Il ne restait plus au juge qu’à prononcer la relaxe de lady Ferrals que l’on ramena au sous-sol au milieu d’un brouhaha indescriptible. Une demi-heure plus tard, soutenue par son père, elle s’engouffrait dans une Rolls noire dont le chauffeur eut toutes les peines du monde à fendre la foule dense qui se pressait à la sortie d’Old Bailey. Mêlés aux inconnus et aux photographes de presse, Morosini et Vidal-Pellicorne assistèrent à ce départ qui ne ressemblait pas vraiment à un triomphe. Sauf peut-être pour Solmanski dont le profil hautain était apparu un instant derrière la glace de la voiture.

– Le voilà content ! remarqua Adalbert. Et surtout riche ! Sa fille va pouvoir toucher un superbe héritage...

– Vous pouvez me faire confiance pour lui mettre des bâtons dans les roues, fit près des deux hommes la voix de John Sutton. Je suis toujours en charge des affaires et des secrets de mon père... Il faudra compter avec moi !

– Admettez-vous enfin que vous vous êtes trompé en l’accusant ? demanda Aldo.

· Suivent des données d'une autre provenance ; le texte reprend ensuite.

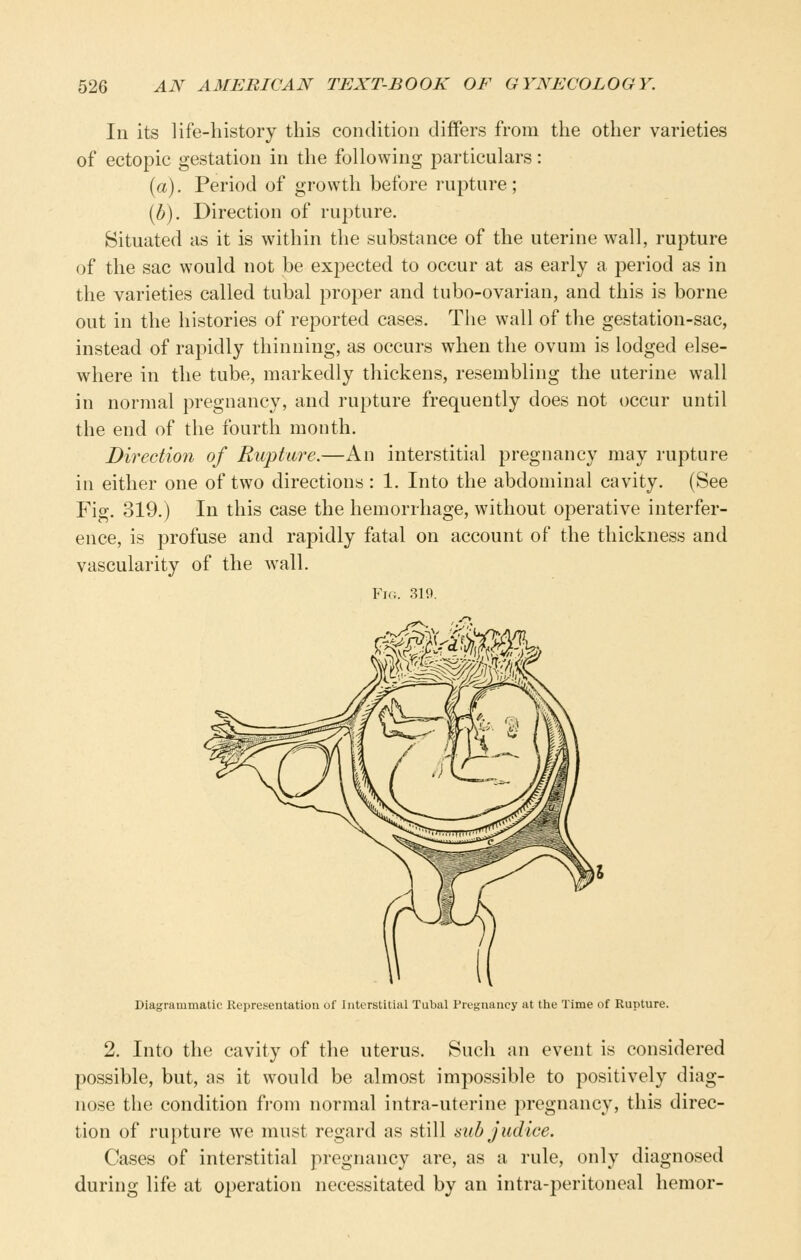 In its life-history this condition differs from the other varieties of ectopic gestation in the following particulars: (a). Period of growth before rupture; {b). Direction of rupture. Situated as it is within the substance of the uterine wall, rupture of the sac would not be expected to occur at as early a period as in the varieties called tubal proper and tubo-ovarian, and this is borne out in the histories of reported cases, Tlie wall of the gestation-sac, instead of rapidly thinning, as occurs when the ovum is lodged else- where in the tube, markedly thickens, resembling the uterine wall in normal pregnancy, and rupture frequently does not occur until the end of the fourth month. Direction of Rupture.—An interstitial pregnancy may rupture in either one of two directions : 1. Into the abdominal cavity. (See Fig. 319.) In this case the hemorrhage, without operative interfer- ence, is profuse and rapidly fatal on account of the thickness and vascularity of the wall. Fig. 319. Diagrammatic Representation of Interstitial Tubal Pregnancy at tlie Time of Rupture 2. Into the cavity of the uterus. Such an event is considered possible, but, as it would be almost impossible to positively diag- nose the condition from normal intra-uterine pregnancy, this direc- tion of rupture we must regard as still sub judice. Cases of interstitial pregnancy are, as a rule, only diagnosed during life at operation necessitated by an intra-peritoneal hemor-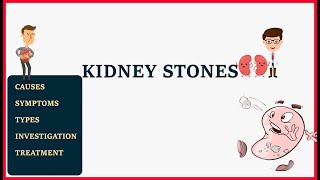 Kidney stone  causes  types  symptoms  treatment [upl. by Jarlen]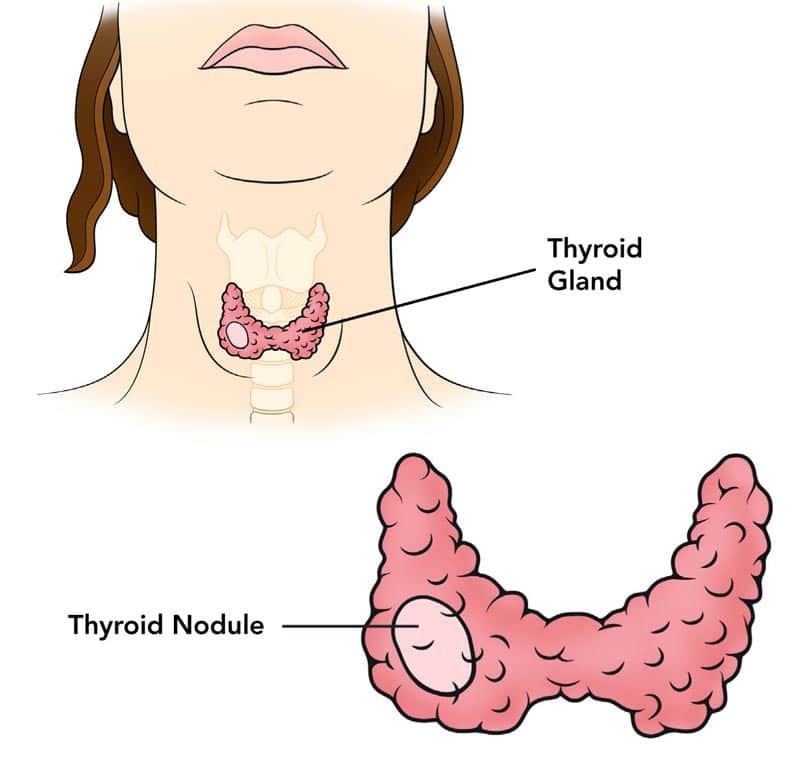 Types of thyroid cancer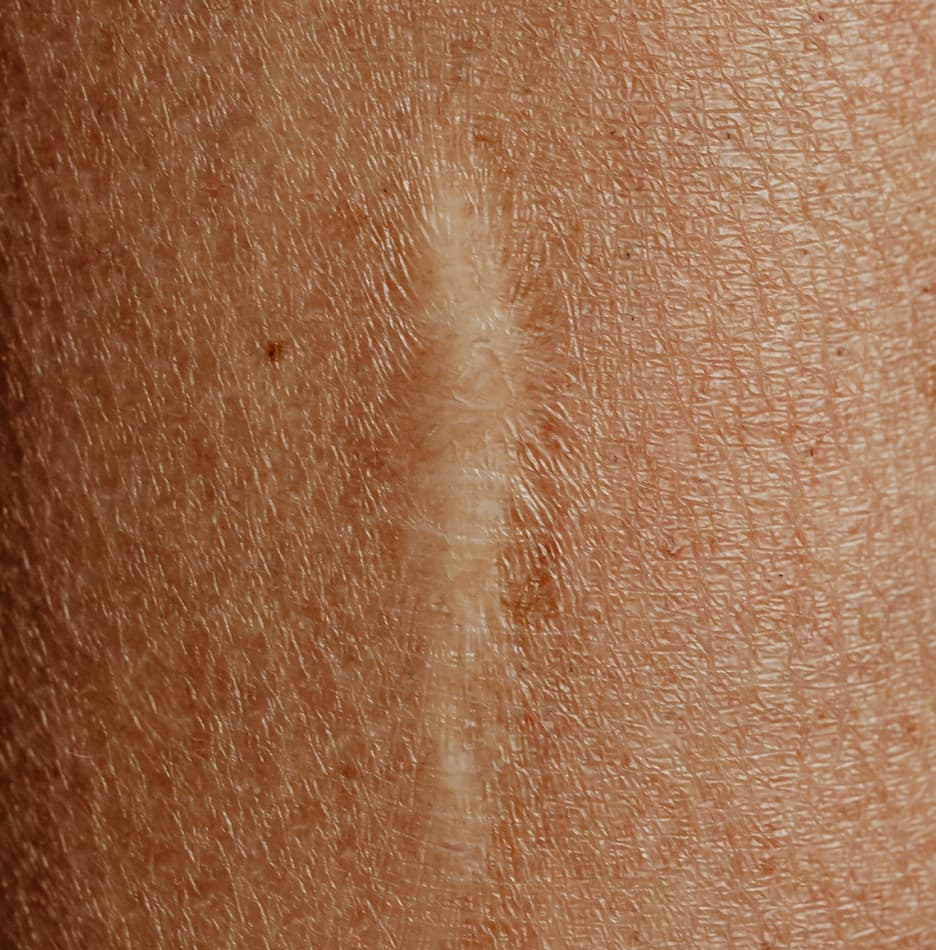 Close-up of a healed scar on human skin, showing a raised and pale linear mark, typically treated with scar reduction laser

– En aucune façon. Ce que j’ai vu et entendu, je l’ai vu et entendu. Je suis toujours certain que c’est elle la meurtrière. Et j’arriverai bien à le prouver un jour.

Il disparut dans la foule, suivi des yeux par Adalbert qui semblait soucieux :

– Je suis un peu comme lui, confia-t-il. Ce suicide trop opportun ne me satisfait pas. Et toi ?

– Tu es bien un fouilleur de nécropole, fit Aldo avec sa bonne humeur retrouvée. Gesse donc de chercher la petite bête ! J’ai toujours cru Anielka innocente et maintenant elle est libre ! Viens ! On va fêter ça !

Les deux hommes s’éloignèrent. Autour d’eux, la foule se dispersait.